When Rue and Eli encounter each other at the ice rink for the first time, they admit how important skating and Dave and Alec’s care and guidance were to them both during their respective childhoods. Rue shares this confession and gives Eli a glimpse into her past and her struggles with Overcoming Childhood Trauma, but she doesn’t answer his final question; he is therefore meant to infer that she was hungry as a child and that this traumatic experience inspires her current work.
“He made it sound simple. But skating could be so…intimate. […] And if Eli were to go beyond sex, then my betrayal of Florence would run too deep for comfort. There had to be some limits. I had to set some limits.”
Eli suggests that he and Rue skate together, but Rue is reluctant because she is not ready to show vulnerability beyond the realm of their physical attraction to one another. For her, sex is one of the few social activities that she feels confident performing, but skating and other interpersonal interactions feel too intimate and difficult for her to manage. Additionally, skating with Eli would feel like a date, and if she does anything other than have sex with him, she will feel even guiltier about betraying Florence.

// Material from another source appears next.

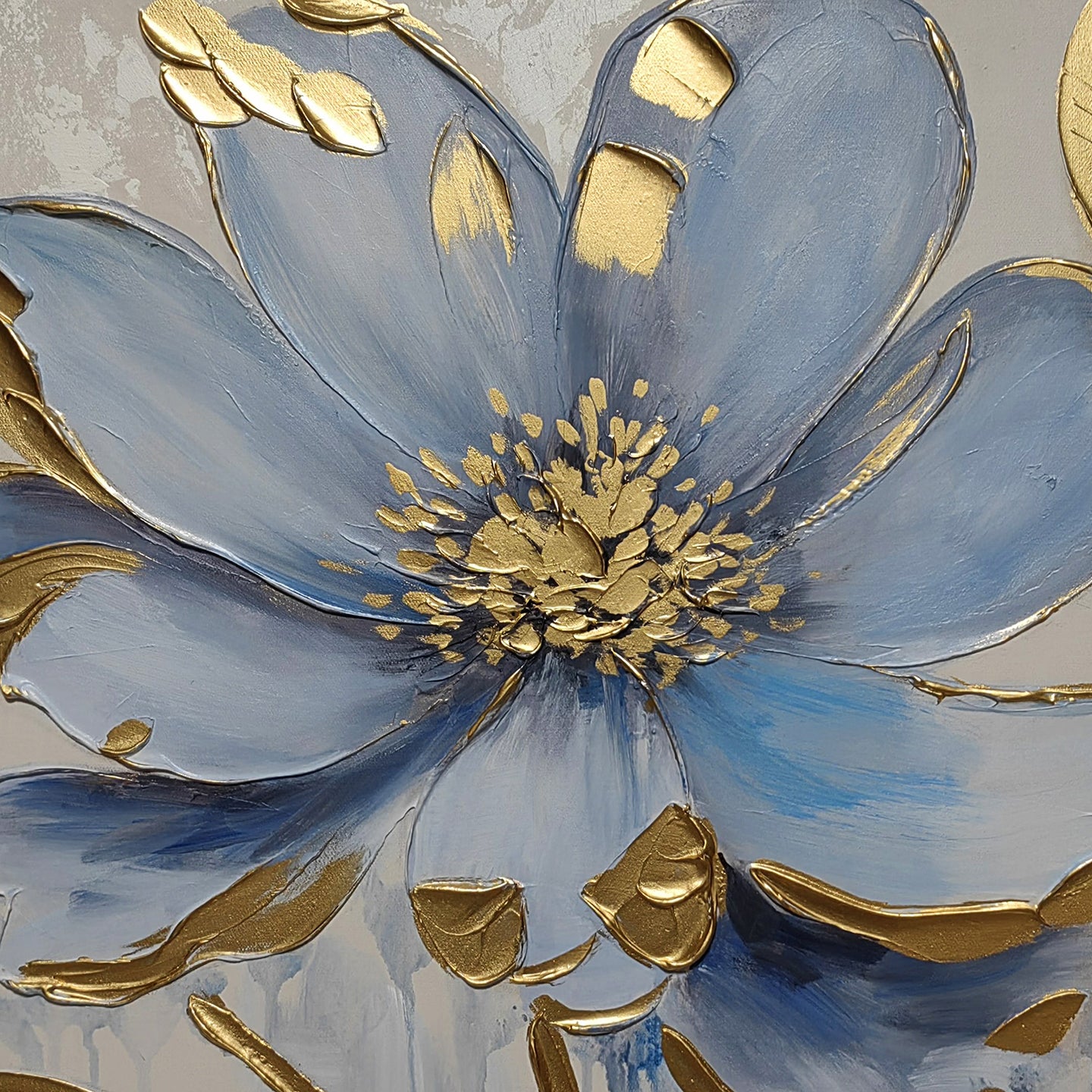 Close view of Gilded Azure blue petals and gold-toned flower center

“In fact, the entire room was lush, every surface covered in green. Cacti, flowers, a few ornamental pots. But Rue’s favorite cultivation method was clearly hydroponics. There were towers, and shelves, and a couple of kits she may have built on her own. Most of what she grew was produce: Eli spotted basil, tomatoes, mini cucumbers, peppers, lettuce, and that was just at first glance. Her house was a beautiful, honest-to-god garden.”
The first time that Eli enters Rue’s apartment, he is amazed by all of her plants. Because her plant collection produces a variety of edible foods, the lush tableau of her apartment serves as yet another indication that she has a fraught relationship with food and is very conscious of different ways to stave off food scarcity.
“I’d learned that food was more than just calories and nutrition. Food was what brought the Fuli family together every night, what the parents of figure skaters made for their kids after a hard practice, what people talked about when they came back from weekends spent in quaint coastal bed-and-breakfasts. Food was collagen, the connective tissue of our society, and if I hadn’t grown up with enough of it, well. Clearly, it had to mean that I wasn’t tethered enough to anyone, and never could be.”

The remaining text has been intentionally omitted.